If we make it stateless, it can remember "I've already scanned PTEs and the PTE
batch ends at X. So now I just need to iterate through that to create
sub-batches taking PAE into account".


> 
>>
>> That feels inefficient to me. So I'd much rather just remember that we have a
>> batch of 512, then split into sub batches as needed for PAE compliance. Then we
>> only scan each PTE once and each struct page once.
>>
>> But to achieve this, we either need to merge the 2 loops or we need to carry
>> state across function calls (i.e. like an iterator).
>>
>>>
>>> Would this break anything?
>>
>> It's not about breaking anything, it's about scanning efficiently. Perhaps you
>> don't think it's worth worrying about in practice?
> 
> The question re: breaking was - if we re-do things like getting oldpte, ptent,
> etc. on each sub-batch does _that_ break anything?
> 
> 
> The current implementation is not acceptable on the basis of adding a horrible
> level of complexity. That function is already terrible, and adding an inner loop
> for this batch special casing with _sub batches_ to account for PAE- nobody is
> going to understand what's going on.
> 
> 	do {
> 		if (...) {
> 			while (...) {
> 				help!!!
> 
> 
> We can do better, and I'm going to go further and say - this series _has_ to do
> better, because I can't accept that, however we do it.
> 
> I want the efficiency gainz as much as you guys but I"m convinced we can do it
> without causing eye bleeding confusion...

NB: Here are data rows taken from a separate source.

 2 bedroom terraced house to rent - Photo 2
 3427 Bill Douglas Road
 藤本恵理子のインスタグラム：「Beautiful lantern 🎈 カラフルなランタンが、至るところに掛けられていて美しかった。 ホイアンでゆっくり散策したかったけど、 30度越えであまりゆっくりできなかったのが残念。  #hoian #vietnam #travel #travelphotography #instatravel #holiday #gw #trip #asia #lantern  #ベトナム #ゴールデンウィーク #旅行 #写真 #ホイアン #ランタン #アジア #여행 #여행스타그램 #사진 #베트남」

That's completely reasonable - we will get there! I'm very happy for this to be
refactored into help function(s) to make it more accessible.

I'm just saying that fundamentally, we either need to flatten this to a single
loop so that the PTE and PAE can be assessed in lock-step and we never
over-scan. Or we need to keep some state to remember when we have already
scanned for a PTE batch and are currently working our way through that chunking
it into sub-batches based on PAE. I don't think we should entertain a stateless
two-loop solution.

> 
>>
>>>
>>> We might need to pass a flag to say 'don't account for this' for prot numa case.
>>
>> Yep, another bool ;-)
> 
> Yeah... but we can't sensibly add a flag for this so the flag idea doesn't fly
> for that either... :>)
> 
> I mean I don't think we actually need that flag, let it skip the sub-batch size
> then check again. Now that, I reckon, is a small overhead.

Yeah, agreed. That's probably fine in practice.

> 
>>
>>>
>>>>
>>>> Then we just have a simple loop here that gets the next batch and processes it?
>>
> 
> Another advantage of doing things this way is we can actually add a comment
> explaining the sub-batch size.
> 
> Right now there's just absolutely _nothing_ and it's entirely unclear what on
> earth is going on.